-- Task item --
Exclude the pictures; give every entry again exactly as written.

--*--

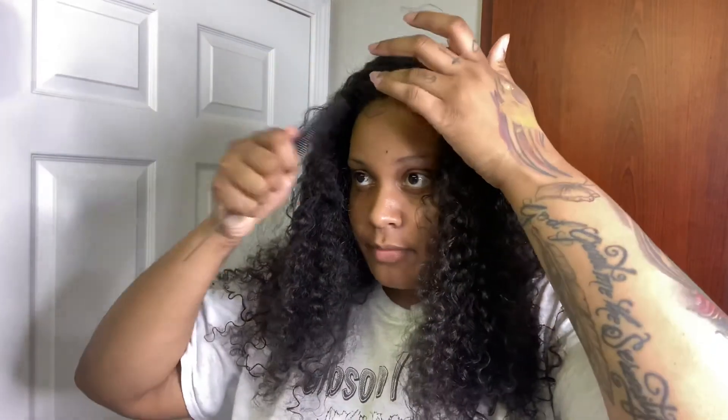I'm definitely going to fix this baby hair because it's not centered at all. I'll fix it off camera. But yeah, that is how I put on my wigs! I fixed it, and as you can see, this is it — that's my lace. If you guys have any questions, ask them below, and thank you guys for watching this video. Until next time, see you later!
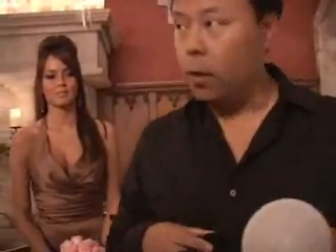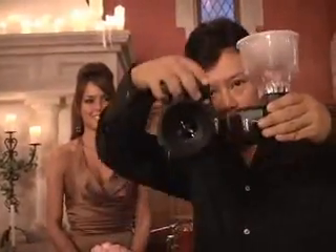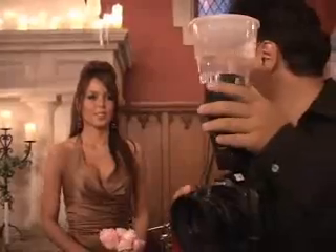It lights up the whole room including the person. I'm going to turn it sideways like this — that way you can go vertical or horizontal without a flash bracket. What do you think?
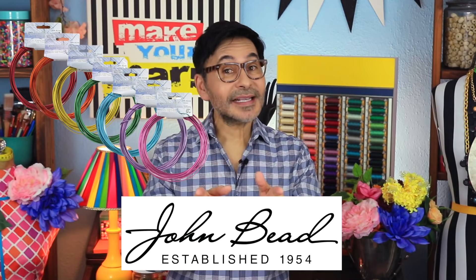Hey DIYers! Someone just gave me a set of mismatched glassware and I went a little crazy experimenting with it. I came up with something that is a mix between the holy grail and a goblet at a renaissance fair. I used colorful glass chips, Dazzle-It, aluminum wire from John Bead, and we put it all together with E6000 glue.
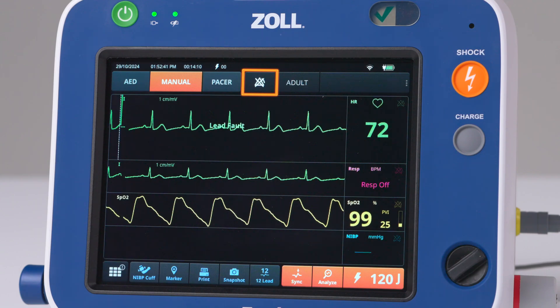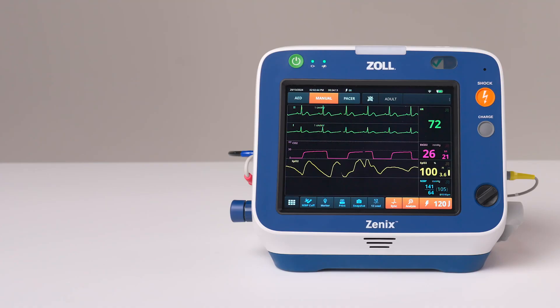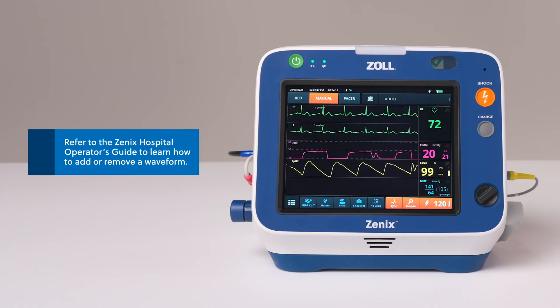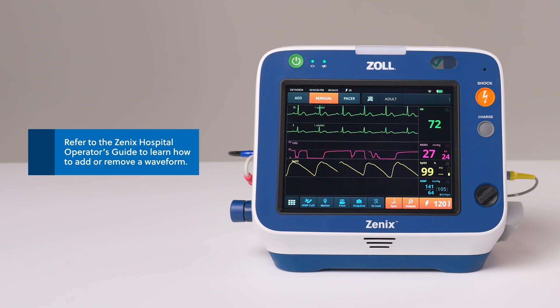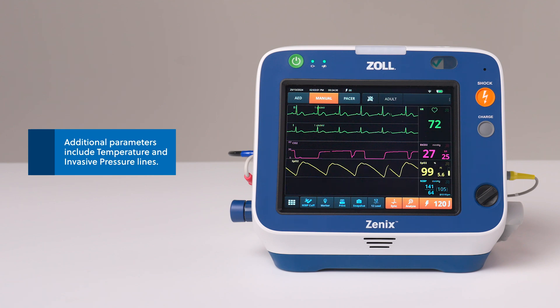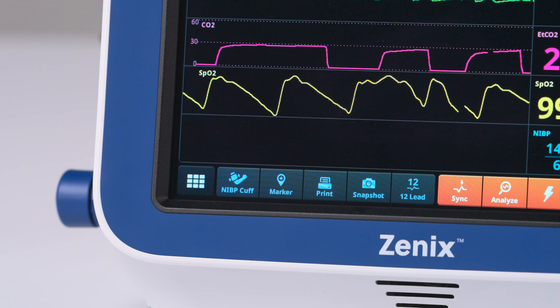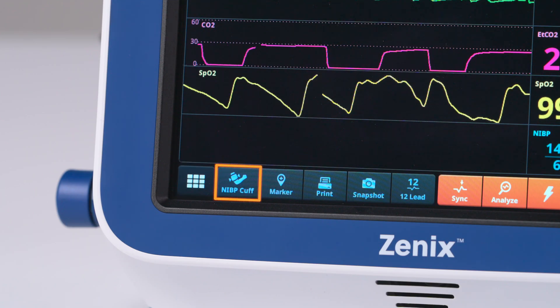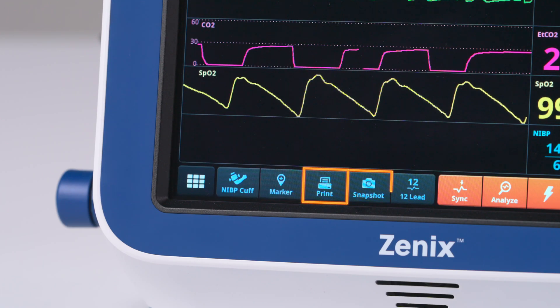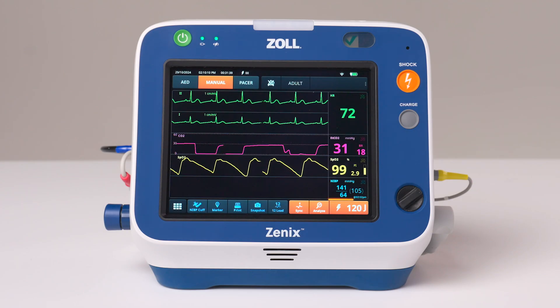The alarm key enables or disables patient alarms or can be used to make alarm setting changes. You can display up to four color waveforms on Xenix. The first waveform at the top of the display window is always an ECG waveform. Numeric data can be displayed for the following parameters: heart rate, SpO2, ETCO2, breath rate, and blood pressure. The action bar contains operator keys to access Xenix functions. You may see keys for menu, NIBP cuff, marker, print, snapshot, 12-lead, sync, and analyze. The action bar also displays the current energy selection.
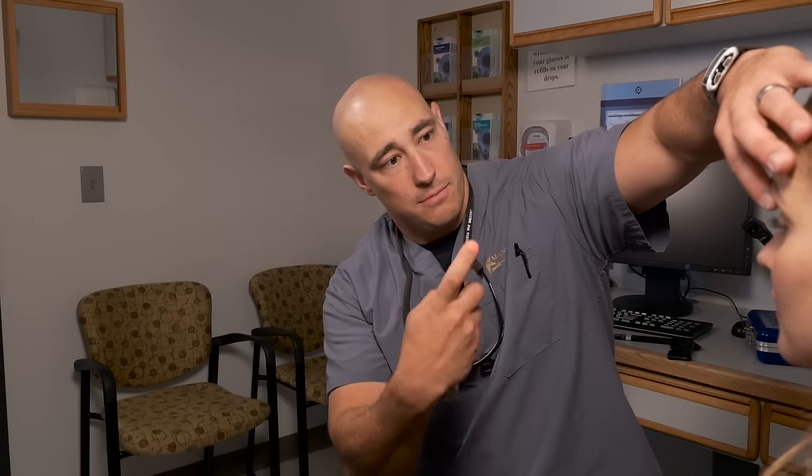Next we're going to check for motility. I like to use a muscle light with my finger on it — it's just an easy target for both adults and children to follow. Keep your head very still and just with your eyes follow my finger. We're checking all positions of gaze. I'm going to gently lift your eyelids up just to make sure they can move their eyes all the way down and get a really good view.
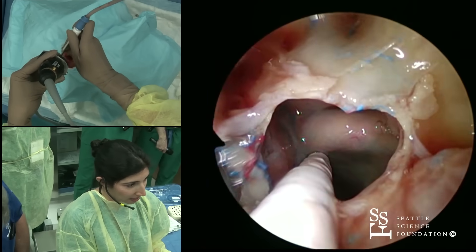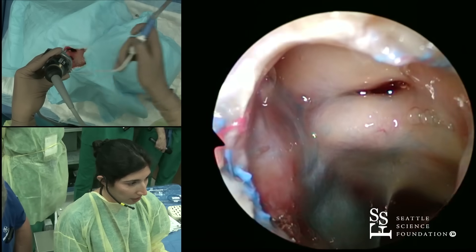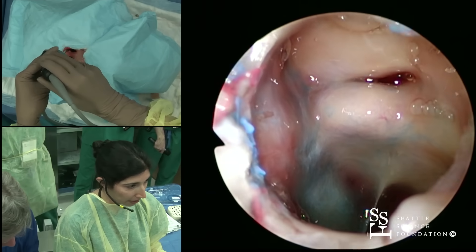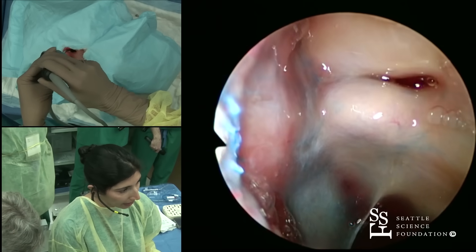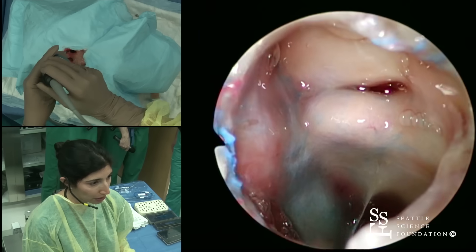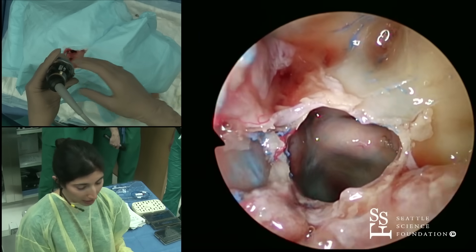Here within our sphenoid sinus, you have really good anatomy that you can see. Looking over immediately, that's the intersinus septum. You can see a really good bulge posteriorly here, and we're going to open this up a little bit more.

--*--

-- Solution to this problem --
I'm definitely going to fix this baby hair because it's not centered at all. I'll fix it off camera. But yeah, that is how I put on my wigs! I fixed it, and as you can see, this is it — that's my lace. If you guys have any questions, ask them below, and thank you guys for watching this video. Until next time, see you later!
It lights up the whole room including the person. I'm going to turn it sideways like this — that way you can go vertical or horizontal without a flash bracket. What do you think?
Hey DIYers! Someone just gave me a set of mismatched glassware and I went a little crazy experimenting with it. I came up with something that is a mix between the holy grail and a goblet at a renaissance fair. I used colorful glass chips, Dazzle-It, aluminum wire from John Bead, and we put it all together with E6000 glue.
The alarm key enables or disables patient alarms or can be used to make alarm setting changes. You can display up to four color waveforms on Xenix. The first waveform at the top of the display window is always an ECG waveform. Numeric data can be displayed for the following parameters: heart rate, SpO2, ETCO2, breath rate, and blood pressure. The action bar contains operator keys to access Xenix functions. You may see keys for menu, NIBP cuff, marker, print, snapshot, 12-lead, sync, and analyze. The action bar also displays the current energy selection.
Next we're going to check for motility. I like to use a muscle light with my finger on it — it's just an easy target for both adults and children to follow. Keep your head very still and just with your eyes follow my finger. We're checking all positions of gaze. I'm going to gently lift your eyelids up just to make sure they can move their eyes all the way down and get a really good view.
Here within our sphenoid sinus, you have really good anatomy that you can see. Looking over immediately, that's the intersinus septum. You can see a really good bulge posteriorly here, and we're going to open this up a little bit more.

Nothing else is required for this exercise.